BC Budget 2009: Commentary

logo_bcgov.gif  2009 BC Budget

A fiscal conversion, but not a philosophical one

PATRICK BRETHOUR
Globe and Mail
February 17, 2009

Vancouver — Gordon Campbell has brought down the budget that Stephen Harper could only wish he had delivered – a deficit, but only the deficit that was necessary under the circumstances.

British Columbia will rack up a $495-million deficit in the next fiscal year, with the shortfall shrinking to $245-million in the following year and disappearing altogether by March, 2012.

On its face, the deficit is far smaller than many economists had expected (and less egregious than the government's supporters had feared). But even that surprisingly small number overstates the appetite of the Campbell government for deficit financing.

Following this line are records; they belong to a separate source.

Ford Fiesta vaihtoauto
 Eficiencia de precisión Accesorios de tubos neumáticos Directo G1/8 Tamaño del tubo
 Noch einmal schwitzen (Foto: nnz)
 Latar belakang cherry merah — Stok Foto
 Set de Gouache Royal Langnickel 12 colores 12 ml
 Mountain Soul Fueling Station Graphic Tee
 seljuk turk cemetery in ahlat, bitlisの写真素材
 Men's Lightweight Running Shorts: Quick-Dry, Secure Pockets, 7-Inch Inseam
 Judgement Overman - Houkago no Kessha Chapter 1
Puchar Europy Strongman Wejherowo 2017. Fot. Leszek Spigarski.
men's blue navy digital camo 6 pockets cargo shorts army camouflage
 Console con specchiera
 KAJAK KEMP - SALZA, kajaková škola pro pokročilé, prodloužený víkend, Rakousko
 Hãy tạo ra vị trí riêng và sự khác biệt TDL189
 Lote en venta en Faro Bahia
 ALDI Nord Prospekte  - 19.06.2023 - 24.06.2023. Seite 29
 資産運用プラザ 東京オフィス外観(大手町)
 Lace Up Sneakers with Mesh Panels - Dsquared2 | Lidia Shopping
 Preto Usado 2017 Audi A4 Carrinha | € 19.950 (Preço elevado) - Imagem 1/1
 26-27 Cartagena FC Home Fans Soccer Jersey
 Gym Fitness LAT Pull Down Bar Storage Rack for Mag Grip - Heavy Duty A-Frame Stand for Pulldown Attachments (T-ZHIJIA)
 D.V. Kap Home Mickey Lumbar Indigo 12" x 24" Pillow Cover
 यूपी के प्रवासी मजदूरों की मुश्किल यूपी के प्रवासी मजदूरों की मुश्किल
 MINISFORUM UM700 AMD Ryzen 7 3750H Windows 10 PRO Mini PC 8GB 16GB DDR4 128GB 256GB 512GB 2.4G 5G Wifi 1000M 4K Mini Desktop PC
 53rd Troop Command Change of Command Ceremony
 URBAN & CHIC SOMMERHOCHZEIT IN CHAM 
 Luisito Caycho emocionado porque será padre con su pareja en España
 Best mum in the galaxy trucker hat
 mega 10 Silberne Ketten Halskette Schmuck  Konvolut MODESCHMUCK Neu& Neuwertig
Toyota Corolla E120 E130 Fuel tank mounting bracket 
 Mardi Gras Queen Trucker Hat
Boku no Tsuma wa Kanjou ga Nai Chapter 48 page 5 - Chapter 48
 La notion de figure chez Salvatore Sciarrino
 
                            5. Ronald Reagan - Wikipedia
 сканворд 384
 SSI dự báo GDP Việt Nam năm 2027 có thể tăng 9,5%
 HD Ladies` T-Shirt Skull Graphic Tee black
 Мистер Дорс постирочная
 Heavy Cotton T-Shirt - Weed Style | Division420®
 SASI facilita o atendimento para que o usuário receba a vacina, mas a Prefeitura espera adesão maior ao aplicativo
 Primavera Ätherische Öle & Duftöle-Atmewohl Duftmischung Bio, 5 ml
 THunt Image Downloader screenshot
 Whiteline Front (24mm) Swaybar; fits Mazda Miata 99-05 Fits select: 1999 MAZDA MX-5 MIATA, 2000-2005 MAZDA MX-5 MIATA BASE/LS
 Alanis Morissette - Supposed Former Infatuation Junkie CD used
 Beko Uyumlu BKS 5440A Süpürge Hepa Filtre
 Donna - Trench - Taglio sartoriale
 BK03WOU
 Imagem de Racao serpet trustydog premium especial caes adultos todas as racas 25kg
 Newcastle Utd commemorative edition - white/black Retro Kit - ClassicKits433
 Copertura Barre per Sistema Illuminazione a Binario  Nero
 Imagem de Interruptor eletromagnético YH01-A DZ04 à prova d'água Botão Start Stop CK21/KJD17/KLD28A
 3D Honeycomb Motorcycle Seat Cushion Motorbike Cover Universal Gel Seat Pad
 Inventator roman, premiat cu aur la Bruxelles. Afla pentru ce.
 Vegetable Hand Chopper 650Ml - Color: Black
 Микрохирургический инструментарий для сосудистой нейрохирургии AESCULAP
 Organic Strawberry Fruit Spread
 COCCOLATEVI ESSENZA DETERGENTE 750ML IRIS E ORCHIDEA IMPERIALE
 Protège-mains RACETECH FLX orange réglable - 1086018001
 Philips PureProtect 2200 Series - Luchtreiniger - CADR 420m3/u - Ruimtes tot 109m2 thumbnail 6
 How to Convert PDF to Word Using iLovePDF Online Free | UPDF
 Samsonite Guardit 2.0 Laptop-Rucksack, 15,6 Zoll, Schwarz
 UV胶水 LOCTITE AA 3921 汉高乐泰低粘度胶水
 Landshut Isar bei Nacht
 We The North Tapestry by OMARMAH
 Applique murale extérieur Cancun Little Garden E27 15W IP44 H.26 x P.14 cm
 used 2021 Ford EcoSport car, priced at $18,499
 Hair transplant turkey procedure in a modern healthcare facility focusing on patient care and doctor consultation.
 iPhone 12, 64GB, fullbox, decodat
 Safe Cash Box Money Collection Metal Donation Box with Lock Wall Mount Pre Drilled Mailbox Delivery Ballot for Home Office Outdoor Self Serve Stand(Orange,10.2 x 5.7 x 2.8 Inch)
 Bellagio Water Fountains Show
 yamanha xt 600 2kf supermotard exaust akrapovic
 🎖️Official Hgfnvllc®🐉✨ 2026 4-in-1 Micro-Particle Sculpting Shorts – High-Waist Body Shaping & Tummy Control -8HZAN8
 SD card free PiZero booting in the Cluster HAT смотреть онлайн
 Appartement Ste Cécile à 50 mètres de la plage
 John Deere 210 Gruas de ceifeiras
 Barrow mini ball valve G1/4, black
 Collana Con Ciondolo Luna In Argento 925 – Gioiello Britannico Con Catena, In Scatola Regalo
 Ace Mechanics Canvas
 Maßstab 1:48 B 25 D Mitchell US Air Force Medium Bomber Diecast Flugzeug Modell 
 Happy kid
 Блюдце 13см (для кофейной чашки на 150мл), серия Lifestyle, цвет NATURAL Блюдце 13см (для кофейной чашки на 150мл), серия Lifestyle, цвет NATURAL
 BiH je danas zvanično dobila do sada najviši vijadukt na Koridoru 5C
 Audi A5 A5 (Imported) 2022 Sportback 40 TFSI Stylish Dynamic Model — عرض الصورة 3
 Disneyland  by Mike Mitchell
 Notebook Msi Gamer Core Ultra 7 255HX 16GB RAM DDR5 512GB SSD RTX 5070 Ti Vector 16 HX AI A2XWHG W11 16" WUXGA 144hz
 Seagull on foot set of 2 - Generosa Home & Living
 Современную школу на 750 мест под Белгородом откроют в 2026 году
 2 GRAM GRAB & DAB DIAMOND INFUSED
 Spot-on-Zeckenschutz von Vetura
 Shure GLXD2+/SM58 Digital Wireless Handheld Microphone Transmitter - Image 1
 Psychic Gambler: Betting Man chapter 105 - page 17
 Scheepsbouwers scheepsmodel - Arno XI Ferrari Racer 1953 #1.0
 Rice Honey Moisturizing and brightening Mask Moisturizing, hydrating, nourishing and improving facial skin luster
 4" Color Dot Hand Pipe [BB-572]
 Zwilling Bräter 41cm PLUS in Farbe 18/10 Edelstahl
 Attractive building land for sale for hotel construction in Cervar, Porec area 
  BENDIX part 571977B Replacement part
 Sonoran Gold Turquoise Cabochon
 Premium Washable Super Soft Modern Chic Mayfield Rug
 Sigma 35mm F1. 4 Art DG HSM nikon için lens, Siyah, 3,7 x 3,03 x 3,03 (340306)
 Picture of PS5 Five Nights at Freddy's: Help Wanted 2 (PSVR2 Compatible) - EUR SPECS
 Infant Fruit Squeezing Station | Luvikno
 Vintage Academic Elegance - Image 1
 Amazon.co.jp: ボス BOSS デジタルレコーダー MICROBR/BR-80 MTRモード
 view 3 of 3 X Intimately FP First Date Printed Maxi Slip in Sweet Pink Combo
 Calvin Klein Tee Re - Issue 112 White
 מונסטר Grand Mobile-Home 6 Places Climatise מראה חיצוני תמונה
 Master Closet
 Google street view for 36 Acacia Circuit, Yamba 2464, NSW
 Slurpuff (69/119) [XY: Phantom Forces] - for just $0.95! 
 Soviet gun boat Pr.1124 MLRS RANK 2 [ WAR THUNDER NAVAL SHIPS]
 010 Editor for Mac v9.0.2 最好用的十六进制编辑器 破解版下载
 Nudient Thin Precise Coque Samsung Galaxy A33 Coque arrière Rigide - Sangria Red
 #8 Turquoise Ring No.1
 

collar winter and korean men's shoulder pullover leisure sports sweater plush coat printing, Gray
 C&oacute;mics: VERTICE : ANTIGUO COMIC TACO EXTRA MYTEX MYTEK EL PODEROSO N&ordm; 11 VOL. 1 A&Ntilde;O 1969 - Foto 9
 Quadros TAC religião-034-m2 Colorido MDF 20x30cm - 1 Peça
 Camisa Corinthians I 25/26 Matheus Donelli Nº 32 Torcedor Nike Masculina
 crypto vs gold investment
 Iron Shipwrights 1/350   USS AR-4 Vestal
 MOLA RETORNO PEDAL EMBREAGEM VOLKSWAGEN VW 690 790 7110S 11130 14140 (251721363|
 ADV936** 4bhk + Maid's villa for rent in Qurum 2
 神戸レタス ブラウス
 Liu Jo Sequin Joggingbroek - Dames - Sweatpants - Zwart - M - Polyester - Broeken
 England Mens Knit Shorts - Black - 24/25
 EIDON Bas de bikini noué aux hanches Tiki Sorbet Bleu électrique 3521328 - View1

Unlike other governments that have jumped, or been pushed, into a deficit position, the B.C. Liberals are not defending the change on a philosophical basis. Deficits, however small and however temporary, remain anathema to Mr. Campbell and his ministers.

“There is no one around the cabinet or caucus table that is enthusiastic about us going into deficit this year,” Finance Minister Colin Hansen told reporters before delivering his budget speech to the legislature.

The government's anti-deficit words are matched by action, or rather comparative inaction. Mr. Hansen says B.C. has no structural deficit, meaning that the end of the recession should erase any shortfall – and that there is not a flood of new spending.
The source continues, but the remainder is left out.